Take Care {written Sunday afternoon}

This morning I attended my first yoga class.  Although I’ve practiced yoga on and off over the years, I’ve always done it in the cheapest way possible (hi there YouTube).  Today was a little bit different in a sense, this organization has some additional classes attached to it for cardio and core strength training.   But, what I was really happy about was that I did it! I stepped into an unknown space, with strangers, and allowed myself to relax.  When the session was over, I realized how much my mind and body has been acting like anxieties drop cloth covered in filth.

My body and I have not been getting along, and I really need to get my health back on track.  Recently my joints are tingling and I can feel inflammation in my wrists.  I hold my breath, for way longer periods than I should.  But worst of all, it is difficult for me to control my reactions to my emotions.  I think we all feel that way at times, but these episodes send me into a state of loneliness.  Let alone, I’m not satisfied with my body as it is.  I eat well enough and as consciously as I can, but I’ve been needing to implement an exercise routine to tone and tune it back up.  I don’t know how much beginner yoga counts, but it’ll have to for now because my mind needs to learn how to destroys all these anxiety blocks living within me.  That sounds really weird, but that’s what it feels like…mini walls and fortresses designed to keep the good out, and all the chaos in.

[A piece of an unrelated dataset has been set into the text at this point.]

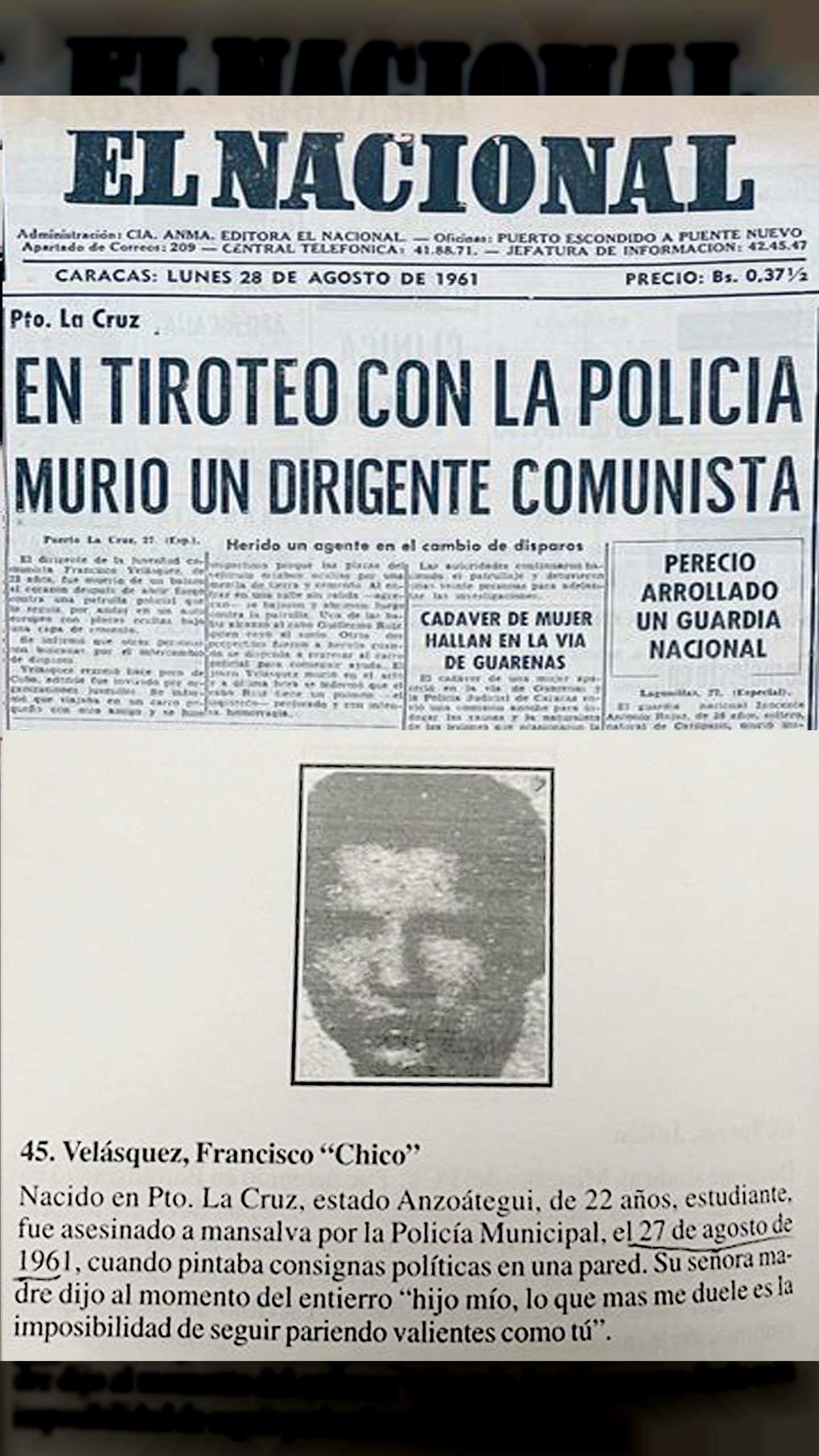 EN TIROTEO CON LA POLICIA MURIÓ UN DIRIGENTE COMUNISTA (EL NACIONAL, 28 DE AGOSTO 1961)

Yes, friends, another goal is in place for my life right next to my art and music.   This is big for me, this is time, this is money, this is making something I’ve ignored for so long a priority.  I want to be able to lift my body, stretch, and endure…  Endure what life plans to throw at me next.  So here we go:

}Exercise for strength in body and mind{

My favorite part of today’s class was the variety of bodies there.  Each one of us different in age, build, and type.  But everyone had one thing in common; smiles.

So, my dear friends, I hope you are well and happy.  If you aren’t, I hope you have the energy and means to help yourself out of that hole.  You are worth it.  I wish more people would tell each other that so I am going to try to more.  You are worthy of love, the best kind.